→ What the exercise asks
Print out the entries exactly, and include each one.
##### Data excerpts #####
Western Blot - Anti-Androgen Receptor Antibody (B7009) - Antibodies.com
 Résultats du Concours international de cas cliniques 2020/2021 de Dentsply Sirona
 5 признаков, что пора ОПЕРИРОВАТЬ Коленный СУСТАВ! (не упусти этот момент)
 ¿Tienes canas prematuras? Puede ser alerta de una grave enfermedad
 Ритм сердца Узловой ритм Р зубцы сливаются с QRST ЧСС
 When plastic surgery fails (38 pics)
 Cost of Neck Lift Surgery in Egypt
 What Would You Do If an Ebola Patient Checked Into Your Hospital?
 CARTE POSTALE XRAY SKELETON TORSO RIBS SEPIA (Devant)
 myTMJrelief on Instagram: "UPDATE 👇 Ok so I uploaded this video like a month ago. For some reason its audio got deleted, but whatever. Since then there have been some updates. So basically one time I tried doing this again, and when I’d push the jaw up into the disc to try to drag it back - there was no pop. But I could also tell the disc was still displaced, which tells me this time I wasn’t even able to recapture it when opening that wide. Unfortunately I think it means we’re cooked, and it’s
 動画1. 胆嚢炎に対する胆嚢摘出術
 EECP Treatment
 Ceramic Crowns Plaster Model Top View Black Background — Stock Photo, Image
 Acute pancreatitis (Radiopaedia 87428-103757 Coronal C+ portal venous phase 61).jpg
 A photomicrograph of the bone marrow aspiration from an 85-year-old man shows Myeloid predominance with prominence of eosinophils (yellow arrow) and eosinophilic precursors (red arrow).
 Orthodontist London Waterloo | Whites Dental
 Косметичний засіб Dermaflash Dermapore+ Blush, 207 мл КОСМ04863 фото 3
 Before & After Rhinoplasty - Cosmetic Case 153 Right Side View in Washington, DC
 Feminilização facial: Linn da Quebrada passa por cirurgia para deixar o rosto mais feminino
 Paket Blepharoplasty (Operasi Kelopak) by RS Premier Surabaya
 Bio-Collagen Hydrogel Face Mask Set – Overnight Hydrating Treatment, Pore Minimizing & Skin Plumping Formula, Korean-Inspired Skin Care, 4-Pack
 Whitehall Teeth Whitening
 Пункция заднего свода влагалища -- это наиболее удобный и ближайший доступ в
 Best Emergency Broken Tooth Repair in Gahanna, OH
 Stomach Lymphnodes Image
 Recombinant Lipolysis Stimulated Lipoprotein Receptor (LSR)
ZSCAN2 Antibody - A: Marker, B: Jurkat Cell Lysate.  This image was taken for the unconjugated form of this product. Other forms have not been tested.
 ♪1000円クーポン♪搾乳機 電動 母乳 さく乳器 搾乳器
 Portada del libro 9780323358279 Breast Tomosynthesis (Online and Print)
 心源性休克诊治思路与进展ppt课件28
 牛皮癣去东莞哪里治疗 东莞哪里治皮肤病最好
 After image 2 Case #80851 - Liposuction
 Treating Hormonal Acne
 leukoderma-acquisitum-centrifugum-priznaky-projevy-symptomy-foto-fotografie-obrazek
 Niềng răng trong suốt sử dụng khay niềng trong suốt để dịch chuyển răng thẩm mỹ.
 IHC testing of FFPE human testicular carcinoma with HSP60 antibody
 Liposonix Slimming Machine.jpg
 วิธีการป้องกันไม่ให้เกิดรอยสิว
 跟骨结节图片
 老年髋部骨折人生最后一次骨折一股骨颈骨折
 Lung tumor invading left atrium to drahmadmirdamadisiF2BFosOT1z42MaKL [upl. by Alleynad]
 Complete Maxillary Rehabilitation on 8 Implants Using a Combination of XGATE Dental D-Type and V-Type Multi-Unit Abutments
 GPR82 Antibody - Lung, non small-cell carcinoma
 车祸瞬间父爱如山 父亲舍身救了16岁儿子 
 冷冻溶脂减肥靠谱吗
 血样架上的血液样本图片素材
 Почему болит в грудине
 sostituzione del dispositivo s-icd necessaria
#####
→ Answer section
Western Blot - Anti-Androgen Receptor Antibody (B7009) - Antibodies.com
 Résultats du Concours international de cas cliniques 2020/2021 de Dentsply Sirona
 5 признаков, что пора ОПЕРИРОВАТЬ Коленный СУСТАВ! (не упусти этот момент)
 ¿Tienes canas prematuras? Puede ser alerta de una grave enfermedad
 Ритм сердца Узловой ритм Р зубцы сливаются с QRST ЧСС
 When plastic surgery fails (38 pics)
 Cost of Neck Lift Surgery in Egypt
 What Would You Do If an Ebola Patient Checked Into Your Hospital?
 CARTE POSTALE XRAY SKELETON TORSO RIBS SEPIA (Devant)
 myTMJrelief on Instagram: "UPDATE 👇 Ok so I uploaded this video like a month ago. For some reason its audio got deleted, but whatever. Since then there have been some updates. So basically one time I tried doing this again, and when I’d push the jaw up into the disc to try to drag it back - there was no pop. But I could also tell the disc was still displaced, which tells me this time I wasn’t even able to recapture it when opening that wide. Unfortunately I think it means we’re cooked, and it’s
 動画1. 胆嚢炎に対する胆嚢摘出術
 EECP Treatment
 Ceramic Crowns Plaster Model Top View Black Background — Stock Photo, Image
 Acute pancreatitis (Radiopaedia 87428-103757 Coronal C+ portal venous phase 61).jpg
 A photomicrograph of the bone marrow aspiration from an 85-year-old man shows Myeloid predominance with prominence of eosinophils (yellow arrow) and eosinophilic precursors (red arrow).
 Orthodontist London Waterloo | Whites Dental
 Косметичний засіб Dermaflash Dermapore+ Blush, 207 мл КОСМ04863 фото 3
 Before & After Rhinoplasty - Cosmetic Case 153 Right Side View in Washington, DC
 Feminilização facial: Linn da Quebrada passa por cirurgia para deixar o rosto mais feminino
 Paket Blepharoplasty (Operasi Kelopak) by RS Premier Surabaya
 Bio-Collagen Hydrogel Face Mask Set – Overnight Hydrating Treatment, Pore Minimizing & Skin Plumping Formula, Korean-Inspired Skin Care, 4-Pack
 Whitehall Teeth Whitening
 Пункция заднего свода влагалища -- это наиболее удобный и ближайший доступ в
 Best Emergency Broken Tooth Repair in Gahanna, OH
 Stomach Lymphnodes Image
 Recombinant Lipolysis Stimulated Lipoprotein Receptor (LSR)
ZSCAN2 Antibody - A: Marker, B: Jurkat Cell Lysate.  This image was taken for the unconjugated form of this product. Other forms have not been tested.
 ♪1000円クーポン♪搾乳機 電動 母乳 さく乳器 搾乳器
 Portada del libro 9780323358279 Breast Tomosynthesis (Online and Print)
 心源性休克诊治思路与进展ppt课件28
 牛皮癣去东莞哪里治疗 东莞哪里治皮肤病最好
 After image 2 Case #80851 - Liposuction
 Treating Hormonal Acne
 leukoderma-acquisitum-centrifugum-priznaky-projevy-symptomy-foto-fotografie-obrazek
 Niềng răng trong suốt sử dụng khay niềng trong suốt để dịch chuyển răng thẩm mỹ.
 IHC testing of FFPE human testicular carcinoma with HSP60 antibody
 Liposonix Slimming Machine.jpg
 วิธีการป้องกันไม่ให้เกิดรอยสิว
 跟骨结节图片
 老年髋部骨折人生最后一次骨折一股骨颈骨折
 Lung tumor invading left atrium to drahmadmirdamadisiF2BFosOT1z42MaKL [upl. by Alleynad]
 Complete Maxillary Rehabilitation on 8 Implants Using a Combination of XGATE Dental D-Type and V-Type Multi-Unit Abutments
 GPR82 Antibody - Lung, non small-cell carcinoma
 车祸瞬间父爱如山 父亲舍身救了16岁儿子 
 冷冻溶脂减肥靠谱吗
 血样架上的血液样本图片素材
 Почему болит в грудине
 sostituzione del dispositivo s-icd necessaria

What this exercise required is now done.